В Зале церковных соборов храма Христа Спасителя состоялся первый в его истории светский концерт. Он был посвящен Дню города, но горожан к месту сбора городской элиты не пустили, поскольку амбициозное правительственное мероприятие было еще и закрытой презентацией нового концертного зала Москвы.
Зал церковных соборов, расположенный в нижнем приделе храма Христа Спасителя, пожалуй, самое последнее достижение лужковского градостроения. Освященный патриархом и прошедший в июле сего года госприемку, с политической точки зрения он важен. Во-первых, это альтернатива Кремлю с его КДС. Во-вторых, это апофеоз союза светской городской власти с властями церковными. Практическое слияние места священного с местом увеселительным здесь реализовано не только впервые, но впервые целиком и полностью.
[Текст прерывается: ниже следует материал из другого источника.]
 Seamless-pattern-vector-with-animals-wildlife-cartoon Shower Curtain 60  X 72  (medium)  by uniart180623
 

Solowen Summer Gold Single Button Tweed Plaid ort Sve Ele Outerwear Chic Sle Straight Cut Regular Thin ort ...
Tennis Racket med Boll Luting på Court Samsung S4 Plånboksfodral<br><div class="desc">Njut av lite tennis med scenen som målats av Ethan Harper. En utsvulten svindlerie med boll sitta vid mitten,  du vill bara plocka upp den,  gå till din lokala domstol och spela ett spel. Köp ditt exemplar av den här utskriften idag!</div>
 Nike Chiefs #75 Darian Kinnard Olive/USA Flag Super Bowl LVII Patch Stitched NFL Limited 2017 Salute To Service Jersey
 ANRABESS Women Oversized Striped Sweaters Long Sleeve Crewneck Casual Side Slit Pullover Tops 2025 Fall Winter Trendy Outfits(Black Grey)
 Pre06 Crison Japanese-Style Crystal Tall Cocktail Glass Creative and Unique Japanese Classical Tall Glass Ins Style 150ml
Мысль внедрить храм музыки внутрь церковного храма сама по себе безвкусна, но по-своему революционна. Новый концертный зал, подчиняющийся городскому комитету по культуре, предполагается эксплуатировать теперь как одну из главных музыкальных площадок города. В качестве ближайшей перспективы проговаривается идея переноса сюда концертов из Большого зала консерватории (который сразу после Конкурса имени Чайковского закроют на реконструкцию). Это значит, что Бах и Глинка, католическая и православная музыка будут звучать здесь на тех же правах. Смело уже тем, что потребует известной толерантности от хозяев православного храма.
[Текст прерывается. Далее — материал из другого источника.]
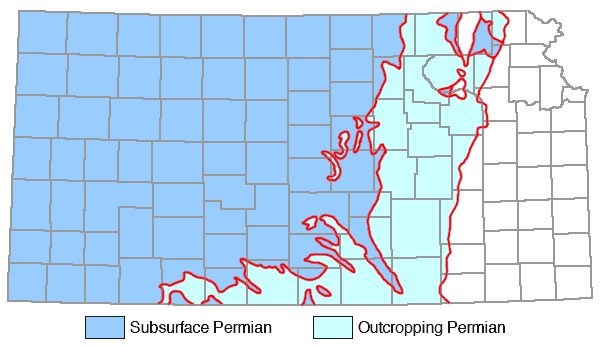 Map showing Permian at the surface (light blue) and in the subsurface (dark blue in western two-thirds of state).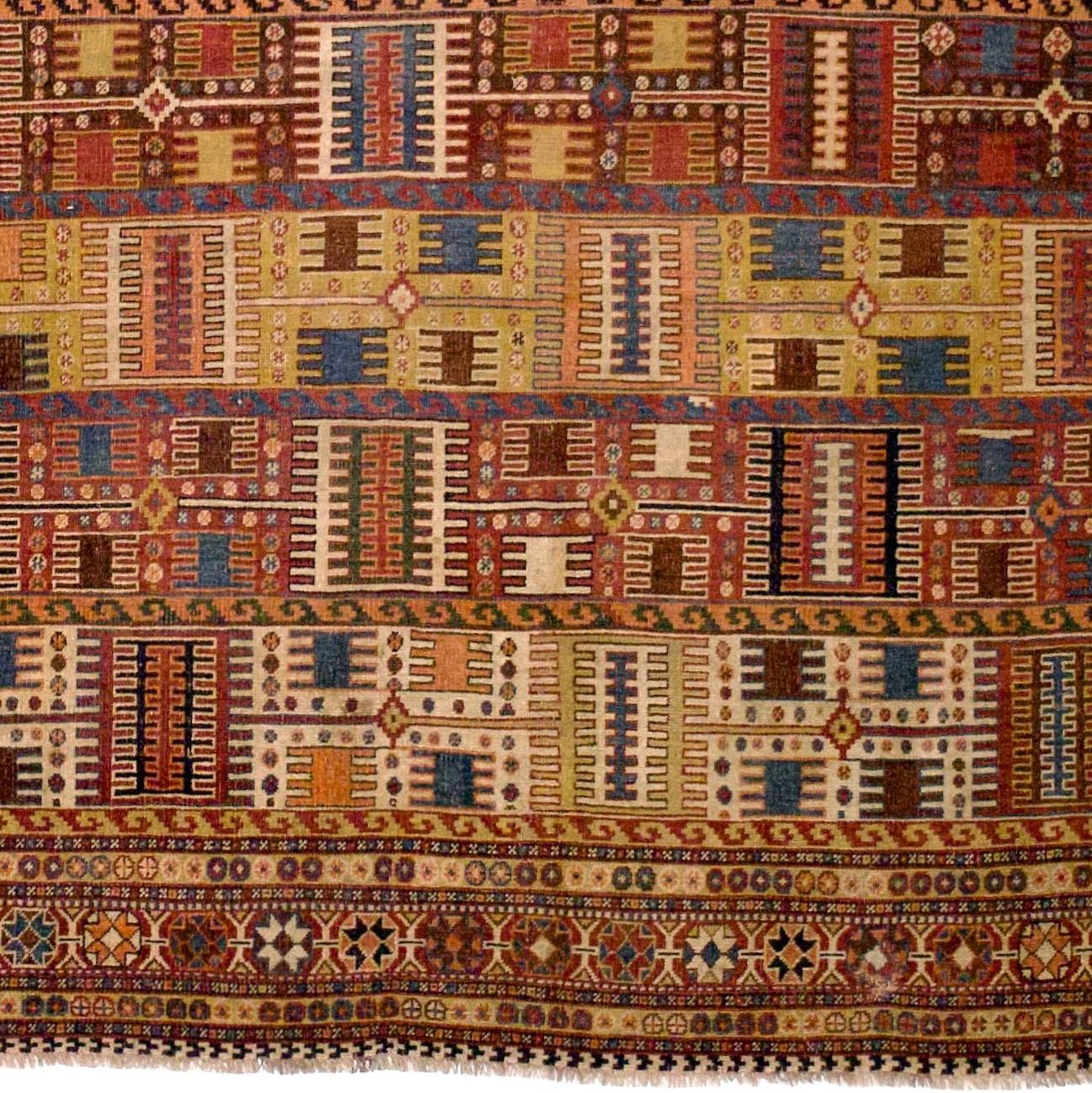 Tappeto antico persiano Qashqai in lana 6'0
Однако говорить об этом преждевременно. Концерт показал существенный изъян нового помещения — в нем отвратительная акустика. Все площади огромного подземного пространства очень условно отгорожены, но не изолированы друг от друга. С улицы попадаешь в фойе, а оттуда — прямо в зал. Партер окружен тремя амфитеатрами (всего 1274 места). Сцена, прижатая к стене с фреской "12 апостолов", сверху приплющена натяжным потолком — дискотечно-блескучим подобием звездного неба. Никаких резонирующих щитов (как это принято в западных соборах, оборудуемых под концерты) нет. Звук — плоский и пустой — моментально гаснет, как в бетонном бункере. Микрофонная подзвучка дает митинговую громкость, но ни о каком грамотном балансе не может быть и речи.
Говорить о качестве сольного, хорового и оркестрового звучания в таких обстоятельствах просто излишне. Если и можно обессмыслить выступление федосеевского оркестра с увертюрой Чайковского "1812 год" и дивной музыкой "Весенней кантаты" Свиридова или, скажем, героический вокал 75-летней Ирины Архиповой в "Молитве" Чеснокова, то именно приглашением в эти условия. Впрочем, чиновники, которые одинаково вяло аплодировали и безнадежно плохому хору храма Христа Спасителя (регент Николай Георгиевский), и старательному хору Академии хорового искусства Виктора Попова, видимо, не страдали. К их услугам оказались основные действующие силы музыкальной жизни — от солиста Большого театра Владимира Маторина до эстрадного профессора Иосифа Кобзона, от штатного храмового хора до европейски признанного Владимира Федосеева. Для "закрытого" праздничного эффекта этого оказалось достаточно.
Программа льстиво приобщила Шостаковича с "алыми звездами башен московских", Чайковского ("будучи музыкантом, я чувствую себя гражданином Москвы") и атамана Кудеяра ("за Кудеяра-разбойника будем мы Бога молить") к специфическому христианству московского правительства. Московское правительство, в свою очередь, с удовольствием приобщилось иллюзии собственного участия в разработке новой религиозно-культурной стратегии города. Вот выстроили и опробовали новый зал. Но на роль "камертона грядущей жизни" он абсолютно не годится.